Ausgelöst wird die Leidenschaft für Klangsynthese von Vater Lopatin. Der leiht dem Sohn und Schulfreund Joel seinen Sampler Roland Juno 60. Die anfängliche Passion für Fusion-Jazz-Kassetten erhält am Hampshire College in Massachusetts eine neue Dimension: "Auf einmal hörte ich im Radio Sachen, die mir bis dahin völlig unbekannt waren. Golden-Era-Hip Hop, House Music, auch Reggae. Das hat mein Leben verändert." Fortan bastelt der studierte Archivar mit Freund Joel aus den Radioshows eigene Compilations.

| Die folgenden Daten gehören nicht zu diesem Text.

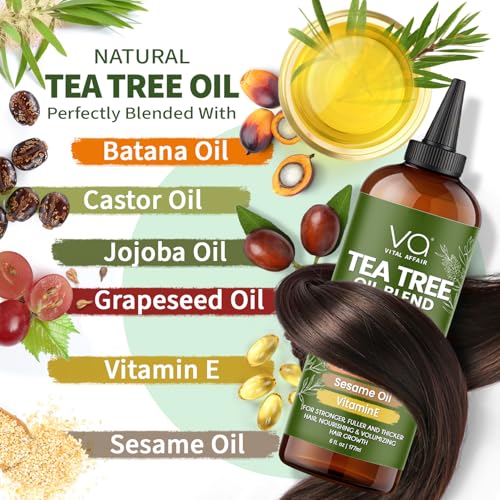 Image of Tea Tree Hair Growth Oil 6 Fl Oz With Jojoba, Castor, Batana Oil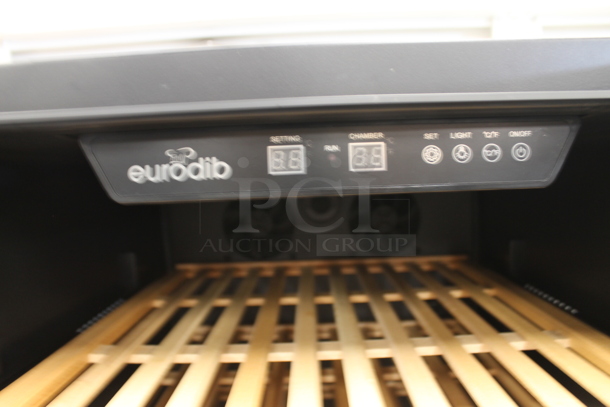 BRAND NEW SCRATCH AND DENT! Eurodib USF-128S Commercial Stainless Steel Single Glass Door Wine Display Cooler With Wood Shelves. 110-120V. Tested And Working!  - Image 2 of 5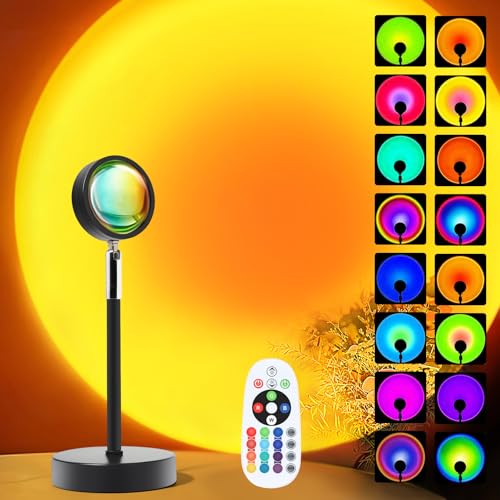 Sunset LED Lamp Projector, 21 Colors Changing App & Remote Control Mood lighting, Music Sync Ambiance Lighting, Sunset Lamp for Bedroom, Living Room, Aesthetic Room Decor, Birthday Gifts for Women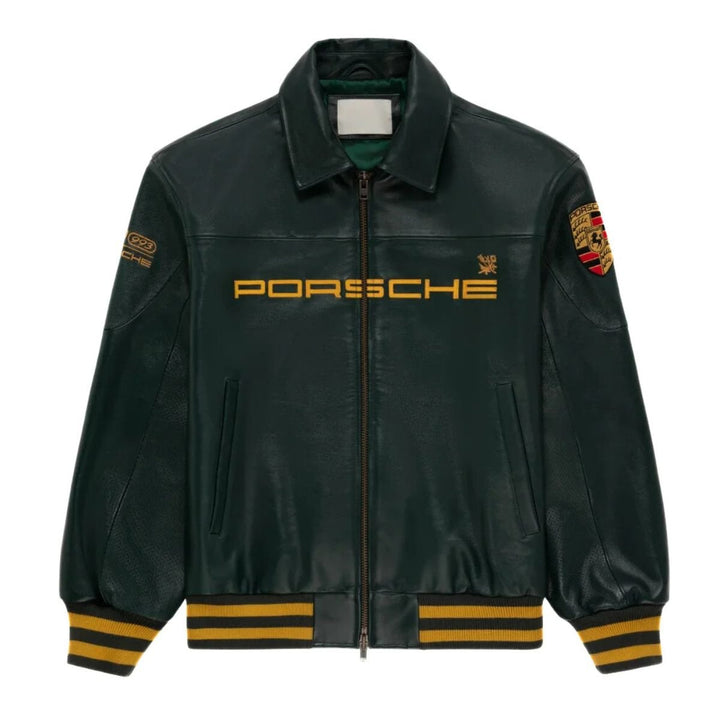 Aime Leon Dore × Porsche 993 Leather Jacket - Male - Dark Green - XS - Aime Leon Dore × Porsche 993 Leather Jacket - Tatoo Tee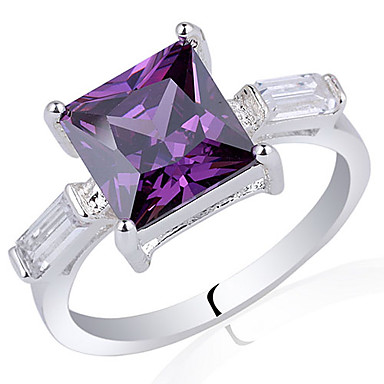 Женщины Классический S925 Серебряное кольцо с 8x8mm принцессы Shape циркон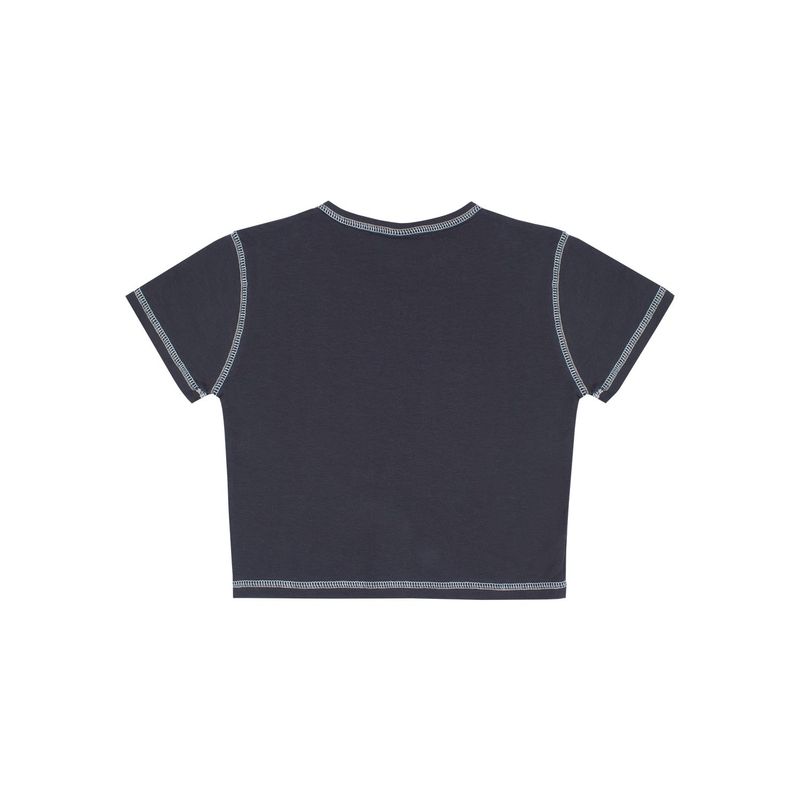 CONTRAST CROP TOP Charcoal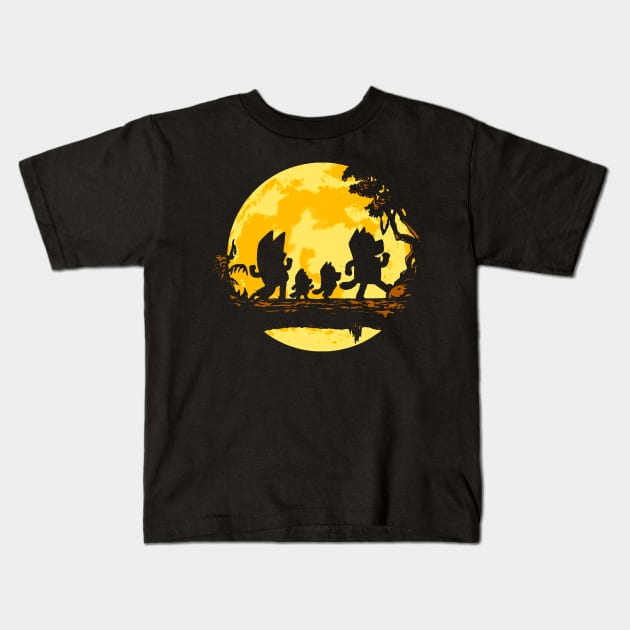 Bluey Walking Under Yellow Moon Kids T-Shirt by Nya Nya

Nach den anfänglichen Produktionen, für die Lopatin ausschließlich eigene Klänge benutzt, greift er ab dem ersten Studioalbum "Replica" verstärkt auf kulturelle Soundfragmente zurück. In seinen so genannten Eccojams werden lyrische Sequenzen aus Popsongs und Werbejingles extrahiert, der Loop mit viel Echo unterlegt und extrem verlangsamt. "Es steckt eine Unmenge in diesen 30-Sekündern", erklärt er im Interview. "Merkwürdige Dinge, die wir gar nicht bewusst wahrnehmen. Vor allem Sex, Sex und noch mal Sex." Dekonstruktivismus at its best.
Neben dem regulären Veröffentlichungszirkel engagiert sich Lopatin auch als Soundtracklieferant u.a. für Sofia Coppola oder untermalt Tate Gallery-Ausstellungen mit seinen Klängen. Sich stetig weiterzuentwickeln ist dabei oberste Prämisse. So geht er 2015 mit Soundgarden und Nine Inch Nails auf Tournee, um gänzlich neue Hörerkreise mit seiner Musik zu konfrontieren. Für sein siebtes Album aus jenem Jahr greift OPN erstmals auf Gitarrensounds zurück, um das Konzeptthema Pubertät zu vertonen.

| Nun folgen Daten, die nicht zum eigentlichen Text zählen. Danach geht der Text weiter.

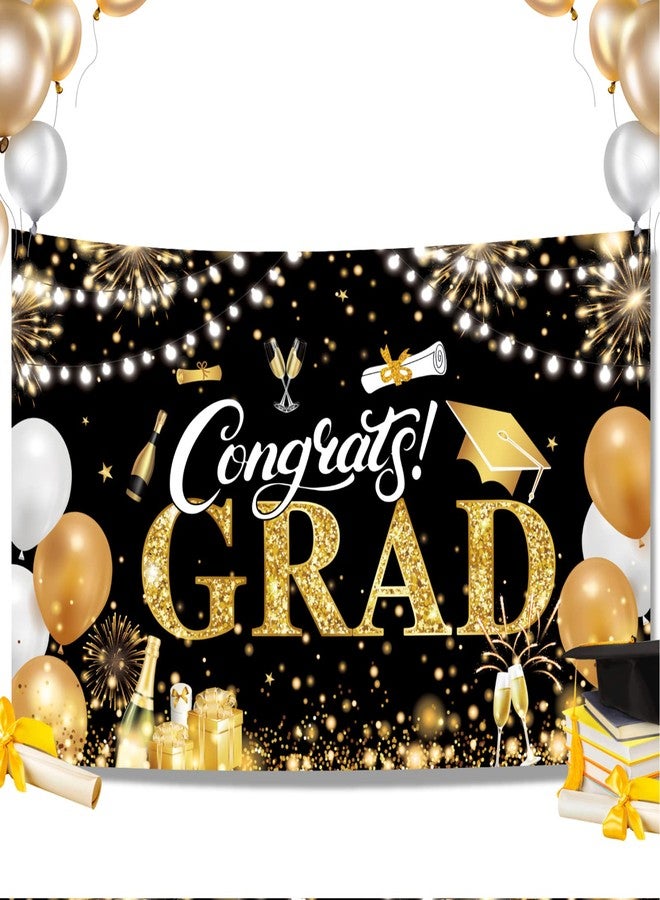 Aaskuu Graduation Banner 2025 Black and Gold - 72.8x43.3 Inch, Congrats Grad Banner for Party Decorations, Large Congratulations Class of 2025 Graduation Backdrop - Image 2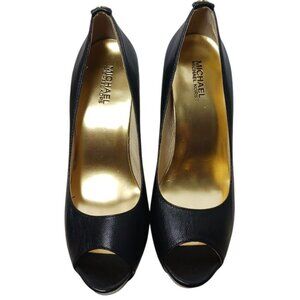 Michael Kors Leather  Open Toe Heels Blk/gold Size 9.5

"Ich halte das, was ich tue, nicht unbedingt für futuristisch oder bahnbrechend. Meine Musik würde ich auch auf keinen Fall als nostalgisch bezeichnen", erklärt Lopatin seinen Ansatz. "Wir verknüpfen unsere Erinnerungen mit Gefühlen und stellen sie auf eine emotionale Theaterbühne. So entsteht häufig Fiktionales. Ich biete eine musikhistorische Perspektive auf dieses menschliche Verhalten. Manipulativ wird die Idee Nostalgie aber, wenn etwa romantische Komödien uns vorgeben wollen, wie wir empfinden sollen. Füge dieses oder jenes Gefühl hinzu, um Sehnsucht zu transportieren, diese oder jene Musik, um Liebeskummer zu untermalen usw. Das hindert viele Menschen daran, eigene Erinnerungen besser zu verstehen."